Can AI help stop workplace harassment?

Survey tool proves successful in assessing four major areas to determine levels of risk

Can AI help stop workplace harassment?

Workplace harassment continues to plague employees and employers, despite best efforts.

But a new tool is promising to combat the issue using technology by “significantly” predicting respondents’ experiences of workplace aggression, violence, incivility, bullying and sexual harassment.

AI2HR has developed an assessment instrument that identifies various risk factors in the workplace. It begins with a survey that is sent out to the workforce and after answers are tabulated, an assessment is made that pinpoints where a problem might be within the organization.

The answers are fed into a risk assessment tool that examines answers from four topic areas: policies and procedures, culture, workplace layout and supports. It asks 65 questions and users are expected to rate statements on a five-point scale from “strongly agree” to “strongly disagree.”

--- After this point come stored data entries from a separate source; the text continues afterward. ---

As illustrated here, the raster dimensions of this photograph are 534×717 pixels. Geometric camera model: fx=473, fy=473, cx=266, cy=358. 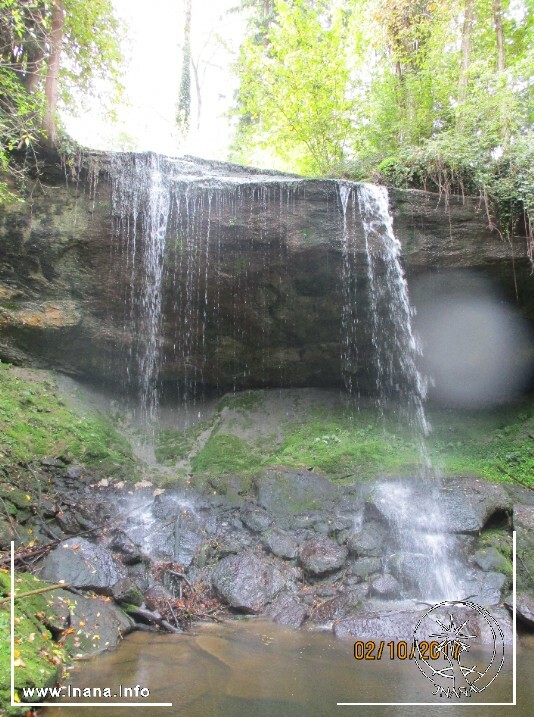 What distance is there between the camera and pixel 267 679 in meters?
3.77

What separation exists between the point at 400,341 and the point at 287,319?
7.99ft

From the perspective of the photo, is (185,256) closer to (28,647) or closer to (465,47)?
(28,647)

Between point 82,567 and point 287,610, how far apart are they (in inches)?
93.7

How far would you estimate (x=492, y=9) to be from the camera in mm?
11227

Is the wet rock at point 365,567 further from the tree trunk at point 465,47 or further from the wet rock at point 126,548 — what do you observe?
the tree trunk at point 465,47

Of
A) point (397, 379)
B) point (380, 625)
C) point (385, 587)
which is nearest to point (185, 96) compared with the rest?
point (397, 379)

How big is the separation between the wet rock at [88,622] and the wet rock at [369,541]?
314 centimetres

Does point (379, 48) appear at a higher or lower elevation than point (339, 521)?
higher

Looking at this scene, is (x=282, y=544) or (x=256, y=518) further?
(x=256, y=518)

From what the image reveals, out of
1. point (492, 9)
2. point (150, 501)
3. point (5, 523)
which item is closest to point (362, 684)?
point (5, 523)

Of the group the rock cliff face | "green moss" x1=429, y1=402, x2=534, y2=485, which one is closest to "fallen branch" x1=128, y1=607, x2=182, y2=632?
"green moss" x1=429, y1=402, x2=534, y2=485

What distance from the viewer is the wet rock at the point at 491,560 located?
20.4 feet

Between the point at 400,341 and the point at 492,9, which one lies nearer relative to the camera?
the point at 400,341

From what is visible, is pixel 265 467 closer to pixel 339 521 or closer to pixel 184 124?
pixel 339 521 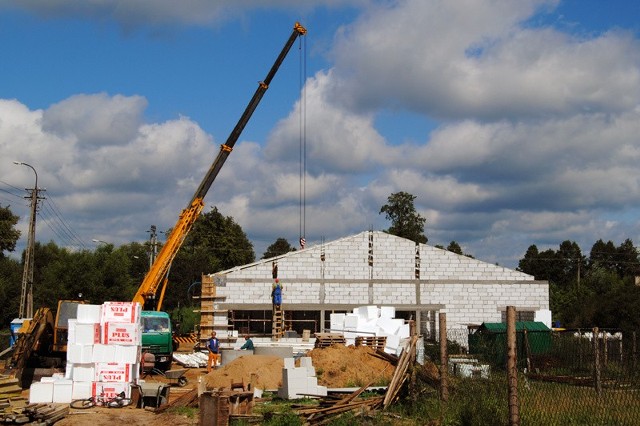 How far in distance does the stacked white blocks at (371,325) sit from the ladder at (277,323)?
16.9 ft

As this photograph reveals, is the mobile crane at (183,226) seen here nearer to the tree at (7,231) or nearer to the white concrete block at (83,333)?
the white concrete block at (83,333)

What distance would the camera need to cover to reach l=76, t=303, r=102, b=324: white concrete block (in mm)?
20797

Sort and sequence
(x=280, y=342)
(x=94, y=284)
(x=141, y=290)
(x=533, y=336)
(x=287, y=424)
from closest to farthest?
(x=287, y=424) < (x=533, y=336) < (x=141, y=290) < (x=280, y=342) < (x=94, y=284)

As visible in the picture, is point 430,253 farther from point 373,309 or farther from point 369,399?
point 369,399

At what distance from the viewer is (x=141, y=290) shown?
33.4 meters

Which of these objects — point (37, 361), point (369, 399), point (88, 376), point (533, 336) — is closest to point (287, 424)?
point (369, 399)

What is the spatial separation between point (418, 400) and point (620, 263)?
357 ft

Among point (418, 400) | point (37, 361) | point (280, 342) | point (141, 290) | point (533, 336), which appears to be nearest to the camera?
point (418, 400)

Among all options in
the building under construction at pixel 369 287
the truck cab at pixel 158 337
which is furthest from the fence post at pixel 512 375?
the building under construction at pixel 369 287

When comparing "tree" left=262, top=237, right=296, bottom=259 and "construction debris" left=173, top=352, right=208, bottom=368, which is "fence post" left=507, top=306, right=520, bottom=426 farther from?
"tree" left=262, top=237, right=296, bottom=259

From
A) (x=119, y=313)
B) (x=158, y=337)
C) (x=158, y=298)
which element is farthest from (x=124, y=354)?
(x=158, y=298)

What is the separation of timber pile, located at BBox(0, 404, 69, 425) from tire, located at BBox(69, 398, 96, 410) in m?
1.18

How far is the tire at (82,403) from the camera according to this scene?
64.2 feet

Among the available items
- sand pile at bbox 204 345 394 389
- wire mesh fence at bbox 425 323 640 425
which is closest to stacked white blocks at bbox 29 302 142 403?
sand pile at bbox 204 345 394 389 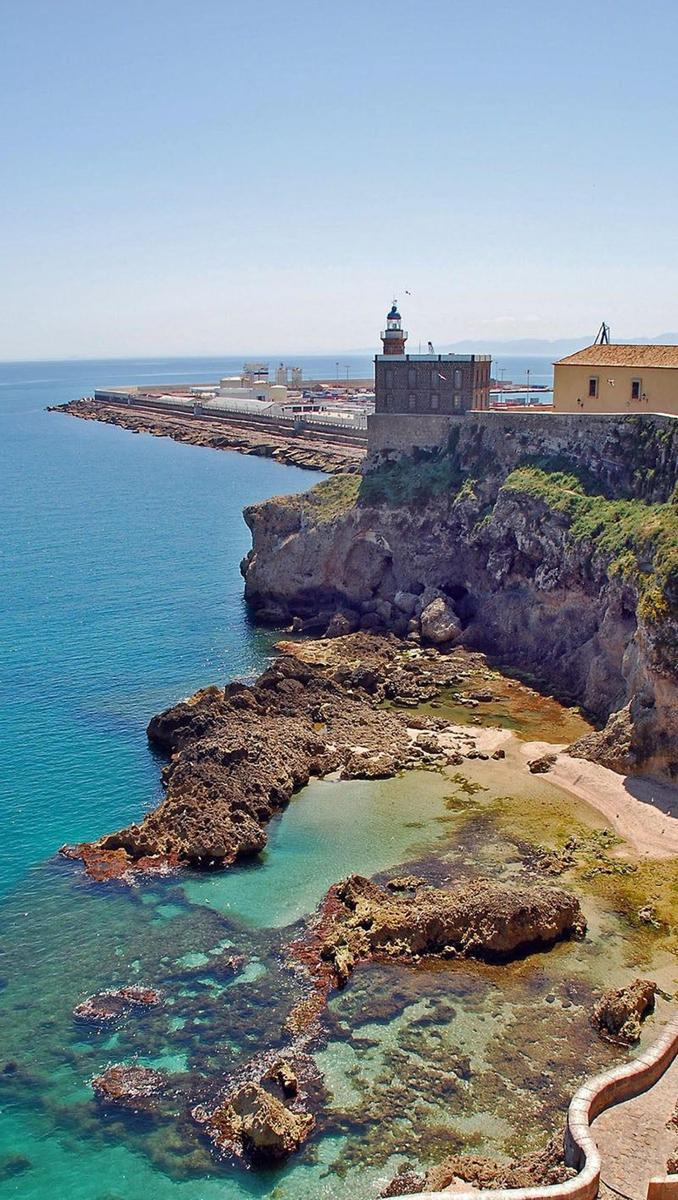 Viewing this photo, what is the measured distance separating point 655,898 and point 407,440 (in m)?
40.0

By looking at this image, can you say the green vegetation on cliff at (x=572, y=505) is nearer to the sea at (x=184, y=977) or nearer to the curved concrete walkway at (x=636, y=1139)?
the sea at (x=184, y=977)

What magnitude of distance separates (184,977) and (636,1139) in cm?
1252

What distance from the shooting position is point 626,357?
53156 millimetres

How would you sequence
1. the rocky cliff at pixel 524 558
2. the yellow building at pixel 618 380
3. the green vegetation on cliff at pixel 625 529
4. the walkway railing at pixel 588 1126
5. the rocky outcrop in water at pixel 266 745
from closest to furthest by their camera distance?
the walkway railing at pixel 588 1126 < the rocky outcrop in water at pixel 266 745 < the green vegetation on cliff at pixel 625 529 < the rocky cliff at pixel 524 558 < the yellow building at pixel 618 380

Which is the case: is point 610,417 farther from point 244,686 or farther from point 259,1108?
point 259,1108

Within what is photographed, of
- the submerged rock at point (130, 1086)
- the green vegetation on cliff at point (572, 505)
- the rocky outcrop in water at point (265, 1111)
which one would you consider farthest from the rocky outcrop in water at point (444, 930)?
the green vegetation on cliff at point (572, 505)

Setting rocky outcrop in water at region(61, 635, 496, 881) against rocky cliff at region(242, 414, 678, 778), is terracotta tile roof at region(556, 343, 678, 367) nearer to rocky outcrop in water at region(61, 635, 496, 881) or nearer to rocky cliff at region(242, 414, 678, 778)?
rocky cliff at region(242, 414, 678, 778)

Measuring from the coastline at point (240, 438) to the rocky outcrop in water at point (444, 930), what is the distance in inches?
2622

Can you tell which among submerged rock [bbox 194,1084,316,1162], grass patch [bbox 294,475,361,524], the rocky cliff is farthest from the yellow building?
submerged rock [bbox 194,1084,316,1162]

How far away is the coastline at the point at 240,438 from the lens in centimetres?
11788

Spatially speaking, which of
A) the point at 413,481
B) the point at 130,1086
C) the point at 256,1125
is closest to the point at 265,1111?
the point at 256,1125

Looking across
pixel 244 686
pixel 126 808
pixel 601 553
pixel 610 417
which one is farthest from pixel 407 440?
pixel 126 808

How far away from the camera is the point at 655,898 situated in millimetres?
29938

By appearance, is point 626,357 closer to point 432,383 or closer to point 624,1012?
point 432,383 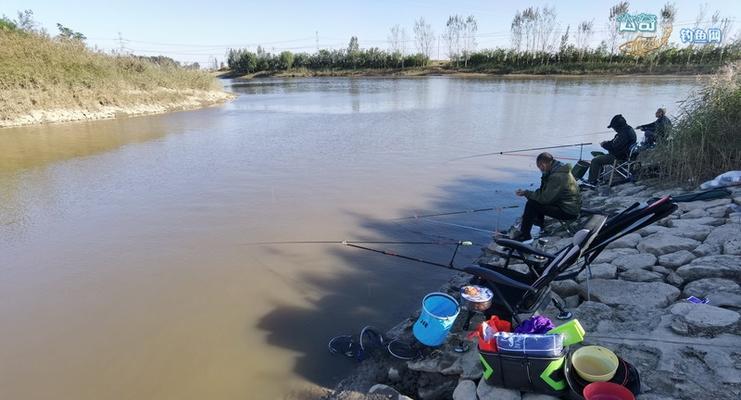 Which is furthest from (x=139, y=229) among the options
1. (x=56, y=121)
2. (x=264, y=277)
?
(x=56, y=121)

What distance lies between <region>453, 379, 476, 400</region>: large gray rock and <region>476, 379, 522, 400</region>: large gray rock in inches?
2.2

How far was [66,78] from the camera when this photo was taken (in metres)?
20.2

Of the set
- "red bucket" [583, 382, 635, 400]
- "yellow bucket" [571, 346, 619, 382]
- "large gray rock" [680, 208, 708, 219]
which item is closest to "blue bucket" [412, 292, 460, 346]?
"yellow bucket" [571, 346, 619, 382]

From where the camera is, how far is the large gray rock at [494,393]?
2551mm

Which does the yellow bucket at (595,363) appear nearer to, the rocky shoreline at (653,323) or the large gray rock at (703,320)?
the rocky shoreline at (653,323)

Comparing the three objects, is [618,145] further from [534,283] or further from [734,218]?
[534,283]

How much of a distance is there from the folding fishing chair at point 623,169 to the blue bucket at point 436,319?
511 cm

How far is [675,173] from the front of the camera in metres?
6.31

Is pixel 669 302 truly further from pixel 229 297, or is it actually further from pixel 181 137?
pixel 181 137

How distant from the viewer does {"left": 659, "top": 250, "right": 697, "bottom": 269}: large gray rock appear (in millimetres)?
3891

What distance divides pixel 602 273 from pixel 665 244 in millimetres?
846

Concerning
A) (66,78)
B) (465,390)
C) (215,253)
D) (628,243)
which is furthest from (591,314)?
(66,78)

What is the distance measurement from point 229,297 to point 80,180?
7.10m

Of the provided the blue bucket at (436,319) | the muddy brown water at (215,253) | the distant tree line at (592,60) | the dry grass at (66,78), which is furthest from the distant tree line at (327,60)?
the blue bucket at (436,319)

“When we put all that together, it creates a dashboard and the dashboard breaks it down into departments and teams,” says Michael Rosenberg, president of AI2HR in Brampton, Ont. “Then we can compare this between teams within the organization.”

Initially the tool — which was developed in response to the impact of Bills 132 and 168 (that require workplaces to address workplace violence) in Ontario — was delivered in 2017 to a professor at St. Mary’s University in Halifax for an assessment, he says.

New workplace laws — that include more types of workers and clarified what constitutes sexual harassment — were recently enacted in Saskatchewan.

Successful results

“[WPV] had an initial instrument that they hoped to use in workplaces to assess the culture of the climates and how it relates to various forms of mistreatment in the workplace,” says Kevin Kelloway, Canada research chair and professor at Saint Mary’s. “What we agreed on doing is we would collect some data using their instruments.”

The research was aimed at trying to “streamline the instrument.”

It asked more than 315 employees to answer questions developed by WPV (now AI2HR) for the research portion, which was parsed by Qualtrics and published by a graduate student Olivier Roncalez as Workplace aggression and the moderating effects of violence prevention climate, for his master’s thesis.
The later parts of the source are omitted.